WHAT NEEDS TO BE DONE: Transcribe the records below exactly as written, from the opening line through the line that contains "Tables de jardin".

[Collected data entries]
[Start of Attachment]

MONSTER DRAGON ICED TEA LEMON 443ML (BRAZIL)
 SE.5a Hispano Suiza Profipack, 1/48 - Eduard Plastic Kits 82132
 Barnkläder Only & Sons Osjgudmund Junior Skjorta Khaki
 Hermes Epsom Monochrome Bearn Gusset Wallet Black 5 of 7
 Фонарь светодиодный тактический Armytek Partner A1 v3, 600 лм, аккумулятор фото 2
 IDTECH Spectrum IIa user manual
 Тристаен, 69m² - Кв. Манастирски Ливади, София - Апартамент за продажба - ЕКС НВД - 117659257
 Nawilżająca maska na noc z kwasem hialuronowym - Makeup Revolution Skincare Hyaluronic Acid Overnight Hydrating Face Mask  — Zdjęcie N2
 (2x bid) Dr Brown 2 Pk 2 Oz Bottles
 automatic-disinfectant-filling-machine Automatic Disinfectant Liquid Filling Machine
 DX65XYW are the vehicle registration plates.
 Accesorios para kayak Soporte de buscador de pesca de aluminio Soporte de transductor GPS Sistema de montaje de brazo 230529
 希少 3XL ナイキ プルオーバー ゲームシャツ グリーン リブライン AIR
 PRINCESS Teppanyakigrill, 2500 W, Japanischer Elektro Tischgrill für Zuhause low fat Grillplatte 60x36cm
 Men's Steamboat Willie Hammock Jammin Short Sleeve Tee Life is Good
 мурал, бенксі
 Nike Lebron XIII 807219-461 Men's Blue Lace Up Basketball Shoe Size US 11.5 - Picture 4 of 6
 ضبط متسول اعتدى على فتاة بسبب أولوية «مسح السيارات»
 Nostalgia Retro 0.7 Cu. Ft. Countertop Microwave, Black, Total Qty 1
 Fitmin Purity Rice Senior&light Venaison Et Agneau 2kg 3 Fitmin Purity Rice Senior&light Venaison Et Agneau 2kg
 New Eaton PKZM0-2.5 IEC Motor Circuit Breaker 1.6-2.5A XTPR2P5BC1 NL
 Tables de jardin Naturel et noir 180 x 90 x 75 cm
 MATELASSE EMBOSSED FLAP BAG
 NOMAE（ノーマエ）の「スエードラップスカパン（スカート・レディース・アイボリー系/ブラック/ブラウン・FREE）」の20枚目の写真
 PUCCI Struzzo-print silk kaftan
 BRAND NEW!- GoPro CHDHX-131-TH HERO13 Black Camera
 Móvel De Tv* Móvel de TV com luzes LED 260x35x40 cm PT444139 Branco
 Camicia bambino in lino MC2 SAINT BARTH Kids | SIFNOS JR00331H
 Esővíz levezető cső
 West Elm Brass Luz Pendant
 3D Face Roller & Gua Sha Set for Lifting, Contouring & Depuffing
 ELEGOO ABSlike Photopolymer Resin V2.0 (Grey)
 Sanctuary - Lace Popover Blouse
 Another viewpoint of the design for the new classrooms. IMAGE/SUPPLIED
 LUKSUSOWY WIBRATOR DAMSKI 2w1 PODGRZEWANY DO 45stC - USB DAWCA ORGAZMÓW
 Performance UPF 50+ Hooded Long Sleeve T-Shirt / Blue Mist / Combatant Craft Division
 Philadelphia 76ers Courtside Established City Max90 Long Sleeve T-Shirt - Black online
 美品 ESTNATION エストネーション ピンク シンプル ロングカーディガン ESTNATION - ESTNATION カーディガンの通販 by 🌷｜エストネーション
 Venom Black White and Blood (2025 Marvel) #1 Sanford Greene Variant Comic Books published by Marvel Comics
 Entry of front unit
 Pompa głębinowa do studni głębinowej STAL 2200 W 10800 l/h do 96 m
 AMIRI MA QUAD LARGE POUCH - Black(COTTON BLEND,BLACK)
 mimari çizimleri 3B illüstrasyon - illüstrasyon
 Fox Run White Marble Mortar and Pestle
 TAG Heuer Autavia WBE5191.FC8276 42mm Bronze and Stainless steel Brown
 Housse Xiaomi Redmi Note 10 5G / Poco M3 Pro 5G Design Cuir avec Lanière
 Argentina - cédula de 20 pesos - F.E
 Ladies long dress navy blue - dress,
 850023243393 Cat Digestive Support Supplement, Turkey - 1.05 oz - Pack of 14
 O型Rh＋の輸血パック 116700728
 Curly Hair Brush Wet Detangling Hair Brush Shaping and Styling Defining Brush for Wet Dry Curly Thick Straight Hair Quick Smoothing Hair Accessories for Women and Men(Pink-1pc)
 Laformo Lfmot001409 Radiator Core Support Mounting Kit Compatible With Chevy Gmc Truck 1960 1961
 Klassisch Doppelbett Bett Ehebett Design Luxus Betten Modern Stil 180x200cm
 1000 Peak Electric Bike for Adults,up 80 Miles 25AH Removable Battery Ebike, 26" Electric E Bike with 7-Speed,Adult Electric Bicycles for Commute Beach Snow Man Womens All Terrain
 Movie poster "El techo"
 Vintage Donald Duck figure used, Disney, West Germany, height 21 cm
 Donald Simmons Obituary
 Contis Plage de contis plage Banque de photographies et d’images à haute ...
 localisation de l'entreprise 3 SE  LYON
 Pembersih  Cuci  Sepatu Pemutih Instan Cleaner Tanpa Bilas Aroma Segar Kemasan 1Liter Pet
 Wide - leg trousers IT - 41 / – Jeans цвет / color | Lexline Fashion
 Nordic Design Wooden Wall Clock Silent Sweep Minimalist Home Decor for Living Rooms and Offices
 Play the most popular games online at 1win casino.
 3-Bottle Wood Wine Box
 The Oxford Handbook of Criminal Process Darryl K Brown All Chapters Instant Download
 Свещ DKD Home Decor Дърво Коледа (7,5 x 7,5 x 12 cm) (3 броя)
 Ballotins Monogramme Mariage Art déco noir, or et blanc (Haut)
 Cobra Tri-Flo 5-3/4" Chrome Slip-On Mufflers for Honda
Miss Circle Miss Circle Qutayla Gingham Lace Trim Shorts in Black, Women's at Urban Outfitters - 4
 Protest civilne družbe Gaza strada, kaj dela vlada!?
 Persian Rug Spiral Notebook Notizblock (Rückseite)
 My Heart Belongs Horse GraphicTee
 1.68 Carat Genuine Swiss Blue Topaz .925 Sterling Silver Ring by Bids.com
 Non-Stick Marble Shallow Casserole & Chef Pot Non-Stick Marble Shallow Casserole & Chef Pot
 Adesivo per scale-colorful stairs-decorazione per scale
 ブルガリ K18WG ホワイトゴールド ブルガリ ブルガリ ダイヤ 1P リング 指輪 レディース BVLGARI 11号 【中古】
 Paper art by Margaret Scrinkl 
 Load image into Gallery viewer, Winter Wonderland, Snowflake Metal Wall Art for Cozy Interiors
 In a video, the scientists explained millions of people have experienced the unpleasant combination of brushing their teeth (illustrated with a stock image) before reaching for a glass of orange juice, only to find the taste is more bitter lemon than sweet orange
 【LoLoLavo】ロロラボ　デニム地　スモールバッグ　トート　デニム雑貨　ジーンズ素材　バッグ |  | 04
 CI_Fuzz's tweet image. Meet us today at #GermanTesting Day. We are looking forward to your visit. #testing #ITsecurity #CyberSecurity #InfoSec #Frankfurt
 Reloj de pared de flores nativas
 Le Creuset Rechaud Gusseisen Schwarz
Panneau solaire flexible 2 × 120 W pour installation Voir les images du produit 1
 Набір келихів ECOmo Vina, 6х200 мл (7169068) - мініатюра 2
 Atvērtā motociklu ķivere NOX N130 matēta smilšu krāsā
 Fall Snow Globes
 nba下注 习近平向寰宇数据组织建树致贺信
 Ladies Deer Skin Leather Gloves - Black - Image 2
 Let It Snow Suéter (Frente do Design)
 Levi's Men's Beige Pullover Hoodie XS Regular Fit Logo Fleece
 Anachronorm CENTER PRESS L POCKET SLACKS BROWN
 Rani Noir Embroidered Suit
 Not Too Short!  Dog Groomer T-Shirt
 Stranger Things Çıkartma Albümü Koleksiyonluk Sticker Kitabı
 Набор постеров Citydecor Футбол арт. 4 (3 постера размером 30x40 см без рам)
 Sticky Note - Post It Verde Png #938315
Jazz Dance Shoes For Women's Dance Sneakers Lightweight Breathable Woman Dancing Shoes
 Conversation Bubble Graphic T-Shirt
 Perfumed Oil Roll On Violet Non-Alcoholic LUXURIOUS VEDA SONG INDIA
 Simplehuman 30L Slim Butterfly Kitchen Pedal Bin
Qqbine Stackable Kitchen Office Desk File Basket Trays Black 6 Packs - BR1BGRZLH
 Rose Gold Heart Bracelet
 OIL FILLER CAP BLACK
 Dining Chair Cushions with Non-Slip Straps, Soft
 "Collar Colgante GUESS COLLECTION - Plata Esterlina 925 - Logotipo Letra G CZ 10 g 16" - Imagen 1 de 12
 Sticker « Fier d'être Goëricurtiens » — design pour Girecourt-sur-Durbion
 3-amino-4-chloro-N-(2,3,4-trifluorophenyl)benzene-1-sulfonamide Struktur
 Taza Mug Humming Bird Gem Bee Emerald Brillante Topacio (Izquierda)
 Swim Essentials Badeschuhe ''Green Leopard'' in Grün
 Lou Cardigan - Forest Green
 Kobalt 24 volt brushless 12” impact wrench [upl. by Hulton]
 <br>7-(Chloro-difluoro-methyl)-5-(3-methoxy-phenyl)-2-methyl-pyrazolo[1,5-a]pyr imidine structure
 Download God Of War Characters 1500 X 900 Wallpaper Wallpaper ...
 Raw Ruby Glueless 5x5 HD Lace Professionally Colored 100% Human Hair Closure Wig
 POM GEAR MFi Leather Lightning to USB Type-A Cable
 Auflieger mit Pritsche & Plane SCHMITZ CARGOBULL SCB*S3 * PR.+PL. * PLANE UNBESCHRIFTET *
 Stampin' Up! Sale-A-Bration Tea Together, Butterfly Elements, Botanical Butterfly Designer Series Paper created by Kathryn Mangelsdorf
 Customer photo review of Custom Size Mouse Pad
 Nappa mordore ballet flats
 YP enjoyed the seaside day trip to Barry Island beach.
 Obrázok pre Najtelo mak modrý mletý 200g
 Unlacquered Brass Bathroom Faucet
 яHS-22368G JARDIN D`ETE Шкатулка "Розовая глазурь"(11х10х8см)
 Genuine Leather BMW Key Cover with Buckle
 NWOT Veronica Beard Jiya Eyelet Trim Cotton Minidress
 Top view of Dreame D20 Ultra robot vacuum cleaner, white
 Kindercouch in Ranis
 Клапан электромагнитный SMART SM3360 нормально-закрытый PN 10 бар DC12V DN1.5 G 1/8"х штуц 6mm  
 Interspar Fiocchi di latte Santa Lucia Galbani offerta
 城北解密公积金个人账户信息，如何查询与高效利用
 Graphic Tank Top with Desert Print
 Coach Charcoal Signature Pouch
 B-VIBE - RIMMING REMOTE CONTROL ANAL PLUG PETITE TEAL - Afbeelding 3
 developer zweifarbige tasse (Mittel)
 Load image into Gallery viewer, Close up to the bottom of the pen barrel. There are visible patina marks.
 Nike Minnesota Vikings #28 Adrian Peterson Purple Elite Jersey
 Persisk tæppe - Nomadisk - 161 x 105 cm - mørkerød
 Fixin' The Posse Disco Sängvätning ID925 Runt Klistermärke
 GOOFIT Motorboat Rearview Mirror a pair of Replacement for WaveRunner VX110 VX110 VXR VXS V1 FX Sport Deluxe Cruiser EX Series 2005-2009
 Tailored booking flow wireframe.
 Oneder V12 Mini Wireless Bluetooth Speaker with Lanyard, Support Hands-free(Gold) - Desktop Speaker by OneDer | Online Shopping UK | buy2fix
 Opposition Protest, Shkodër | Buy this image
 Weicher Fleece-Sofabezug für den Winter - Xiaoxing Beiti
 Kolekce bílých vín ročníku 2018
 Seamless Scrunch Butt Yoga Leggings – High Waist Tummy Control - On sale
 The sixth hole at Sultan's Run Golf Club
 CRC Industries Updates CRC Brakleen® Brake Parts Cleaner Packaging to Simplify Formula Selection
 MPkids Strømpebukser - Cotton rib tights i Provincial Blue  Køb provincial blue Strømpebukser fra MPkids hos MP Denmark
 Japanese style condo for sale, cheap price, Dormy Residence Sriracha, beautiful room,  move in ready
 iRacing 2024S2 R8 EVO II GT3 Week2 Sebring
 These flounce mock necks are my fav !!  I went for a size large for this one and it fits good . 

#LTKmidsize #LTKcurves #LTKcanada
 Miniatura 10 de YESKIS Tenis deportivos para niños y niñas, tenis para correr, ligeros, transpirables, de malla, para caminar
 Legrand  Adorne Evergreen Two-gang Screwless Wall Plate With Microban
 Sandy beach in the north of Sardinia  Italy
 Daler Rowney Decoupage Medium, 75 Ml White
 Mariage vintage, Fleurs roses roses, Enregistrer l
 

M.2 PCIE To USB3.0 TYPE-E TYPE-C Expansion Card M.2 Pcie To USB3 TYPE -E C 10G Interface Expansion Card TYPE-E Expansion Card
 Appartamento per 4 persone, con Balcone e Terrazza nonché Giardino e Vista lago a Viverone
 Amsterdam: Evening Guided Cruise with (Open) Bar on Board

[End of Attachment]

PROBLEM SOLUTION:
MONSTER DRAGON ICED TEA LEMON 443ML (BRAZIL)
 SE.5a Hispano Suiza Profipack, 1/48 - Eduard Plastic Kits 82132
 Barnkläder Only & Sons Osjgudmund Junior Skjorta Khaki
 Hermes Epsom Monochrome Bearn Gusset Wallet Black 5 of 7
 Фонарь светодиодный тактический Armytek Partner A1 v3, 600 лм, аккумулятор фото 2
 IDTECH Spectrum IIa user manual
 Тристаен, 69m² - Кв. Манастирски Ливади, София - Апартамент за продажба - ЕКС НВД - 117659257
 Nawilżająca maska na noc z kwasem hialuronowym - Makeup Revolution Skincare Hyaluronic Acid Overnight Hydrating Face Mask  — Zdjęcie N2
 (2x bid) Dr Brown 2 Pk 2 Oz Bottles
 automatic-disinfectant-filling-machine Automatic Disinfectant Liquid Filling Machine
 DX65XYW are the vehicle registration plates.
 Accesorios para kayak Soporte de buscador de pesca de aluminio Soporte de transductor GPS Sistema de montaje de brazo 230529
 希少 3XL ナイキ プルオーバー ゲームシャツ グリーン リブライン AIR
 PRINCESS Teppanyakigrill, 2500 W, Japanischer Elektro Tischgrill für Zuhause low fat Grillplatte 60x36cm
 Men's Steamboat Willie Hammock Jammin Short Sleeve Tee Life is Good
 мурал, бенксі
 Nike Lebron XIII 807219-461 Men's Blue Lace Up Basketball Shoe Size US 11.5 - Picture 4 of 6
 ضبط متسول اعتدى على فتاة بسبب أولوية «مسح السيارات»
 Nostalgia Retro 0.7 Cu. Ft. Countertop Microwave, Black, Total Qty 1
 Fitmin Purity Rice Senior&light Venaison Et Agneau 2kg 3 Fitmin Purity Rice Senior&light Venaison Et Agneau 2kg
 New Eaton PKZM0-2.5 IEC Motor Circuit Breaker 1.6-2.5A XTPR2P5BC1 NL
 Tables de jardin Naturel et noir 180 x 90 x 75 cm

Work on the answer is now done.